TASK BRIEF
Leave out every picture, and return exactly the lines from the line containing "Invitación Raccoon Animal BIrthday (Anverso)" through the end of the records below, both inclusive.

Captioned web images
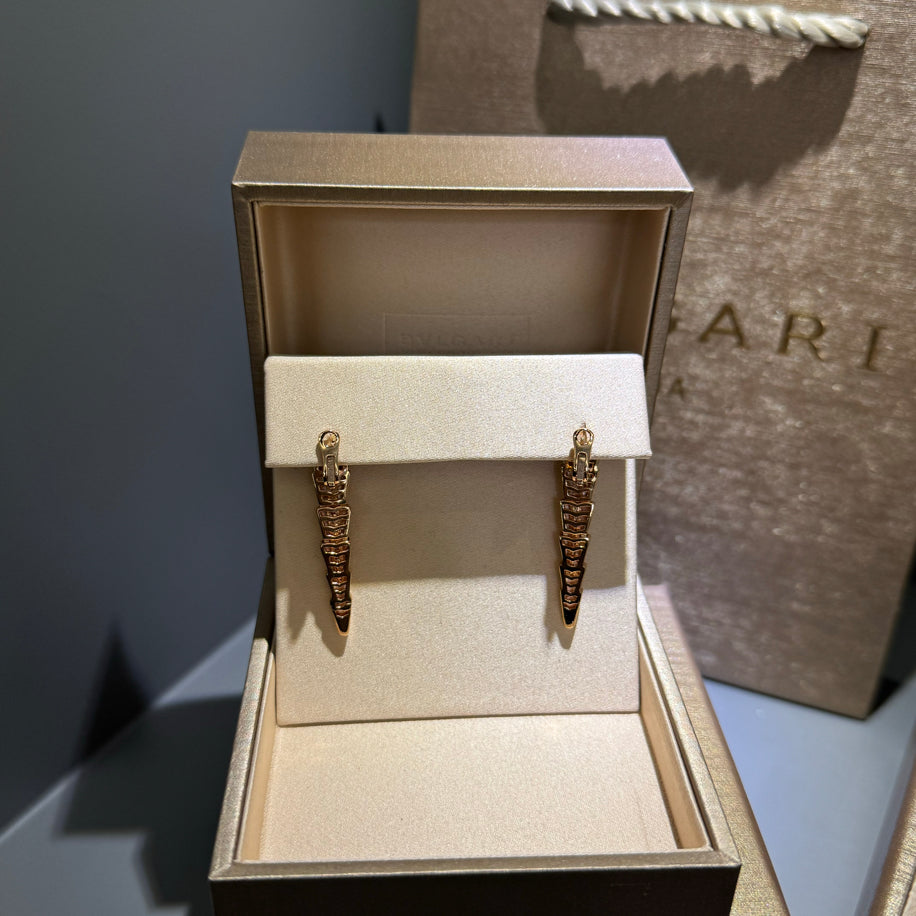 Bvlgari Serpenti Viper (Rose) Yarım Taşlı Küpe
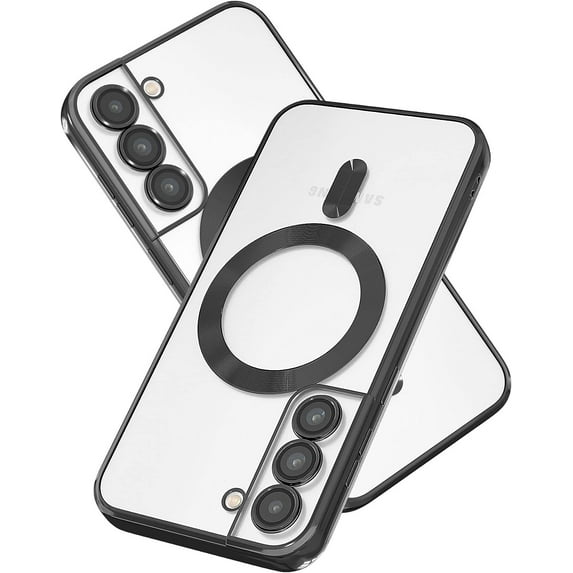 Magnetic for Samsung Galaxy S21 Plus Case,Electroplated Clear Slim Samsung S21 Plus Phone Case with Camera Protection,Shockproof Samsung S21 Plus Case Compatible with MagSafe, Black Edge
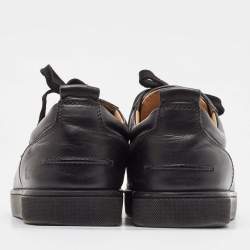 Pre Owned Christian Louboutin Black Leather Louis Spikes Lace Up Sneakers Size 42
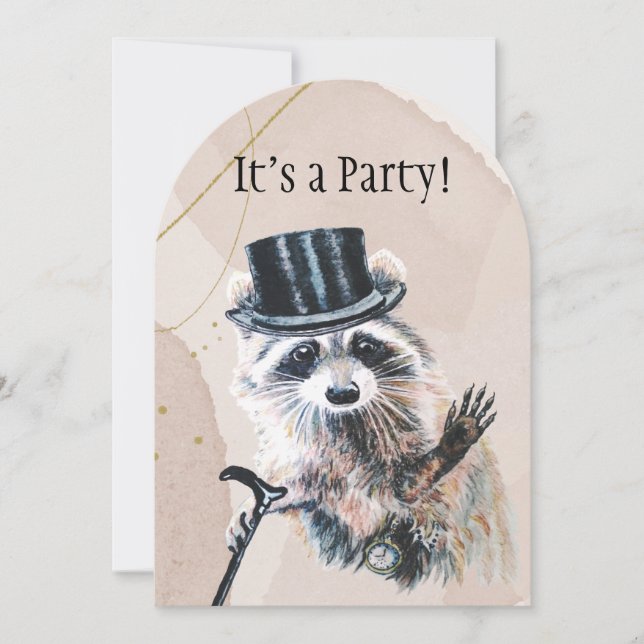 Invitación Raccoon Animal BIrthday (Anverso)
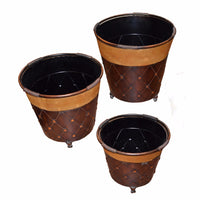 Stylish  3 Piece Metal Planter, Brown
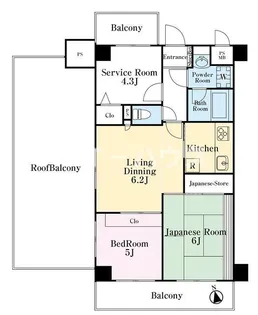 ランデージ津田沼【6階】の間取り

YOUR RESPONSE
 Invitación Raccoon Animal BIrthday (Anverso)
 Stylish  3 Piece Metal Planter, Brown
 ランデージ津田沼【6階】の間取り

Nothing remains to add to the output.